Your answer must be an exact copy of the lines below, from the first through the one with "A 15-foot ladder", with no pictures.

Start of Data for analysis

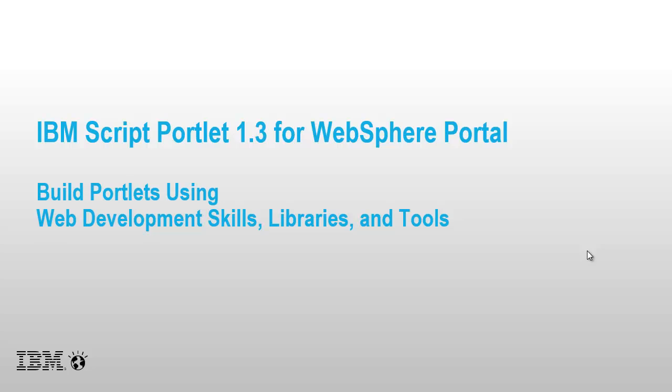In this demo, I'll be giving a brief tour of IBM's Script Portlet for WebSphere Portal, and I'll be highlighting some of the key features of the latest 1.3 release.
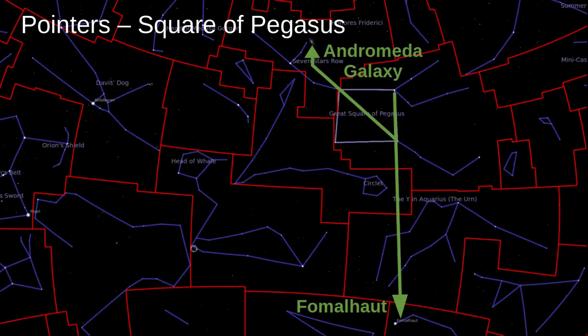And lastly, the Great Square of Pegasus. Find the right side of the square and follow a line down — you'll find Fomalhaut, another bright star. And tracing a line from bottom right to top left, on a dark night you'll be able to see the Andromeda Galaxy.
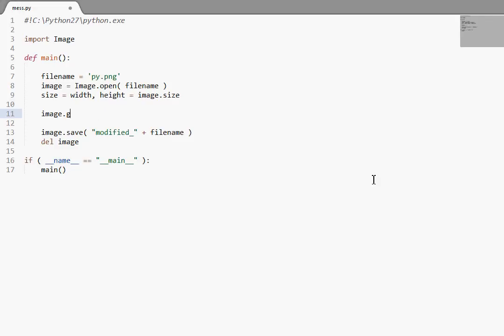Which, of course, I've showed you get data earlier. And I've said get pixel is kind of the opposite of put pixel and put pixel the opposite of get pixel. Put data is pretty much the same thing for get data. Takes a Python list and then you use put data to slap it on the image.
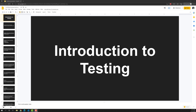We are starting the new course: JavaScript Testing Fundamentals. Before doing testing in frameworks like Angular, Vue, or React, we first need to know about the basics of testing.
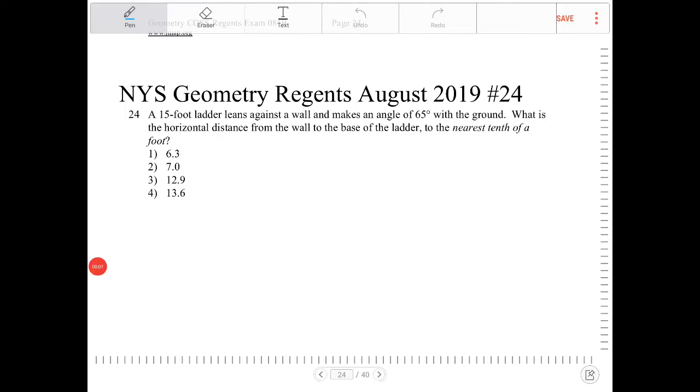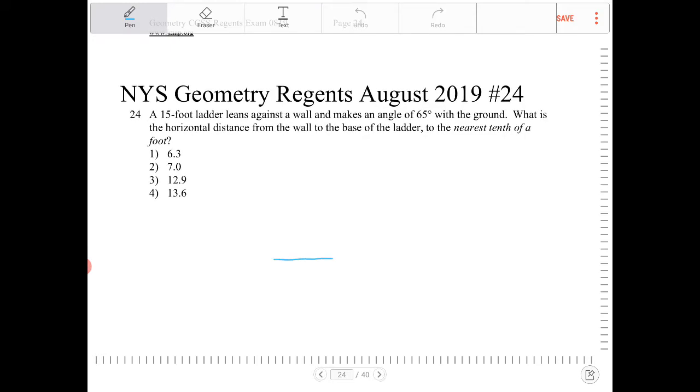A 15-foot ladder leans against a wall and makes an angle of 65 degrees. So let's draw this situation.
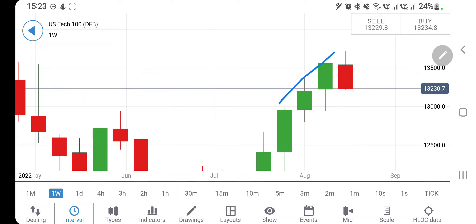Did I not say that the Nasdaq 100 can achieve the highest tilt towards the 13,600 to 13,800 zone? This was going to be important and was going to happen in the first two days, beyond which a reversal could be expected. This was precisely said in my weekly analysis, and see what has happened — it has achieved those highs.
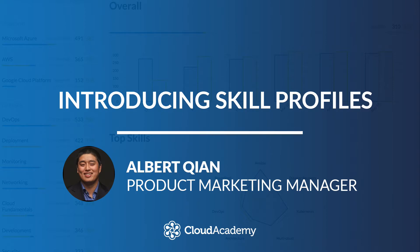Hey, this is Albert from Cloud Academy. In this short video, I'm going to give you an overview of skill profiles.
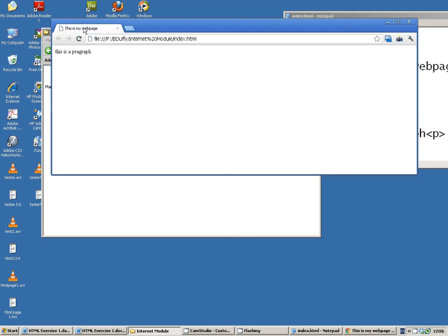And it's bad form not to have a title for your web page. So you should always have head tags, and always have title tags also.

End of Data for analysis

◆ Answer below
In this demo, I'll be giving a brief tour of IBM's Script Portlet for WebSphere Portal, and I'll be highlighting some of the key features of the latest 1.3 release.
And lastly, the Great Square of Pegasus. Find the right side of the square and follow a line down — you'll find Fomalhaut, another bright star. And tracing a line from bottom right to top left, on a dark night you'll be able to see the Andromeda Galaxy.
Which, of course, I've showed you get data earlier. And I've said get pixel is kind of the opposite of put pixel and put pixel the opposite of get pixel. Put data is pretty much the same thing for get data. Takes a Python list and then you use put data to slap it on the image.
We are starting the new course: JavaScript Testing Fundamentals. Before doing testing in frameworks like Angular, Vue, or React, we first need to know about the basics of testing.
A 15-foot ladder leans against a wall and makes an angle of 65 degrees. So let's draw this situation.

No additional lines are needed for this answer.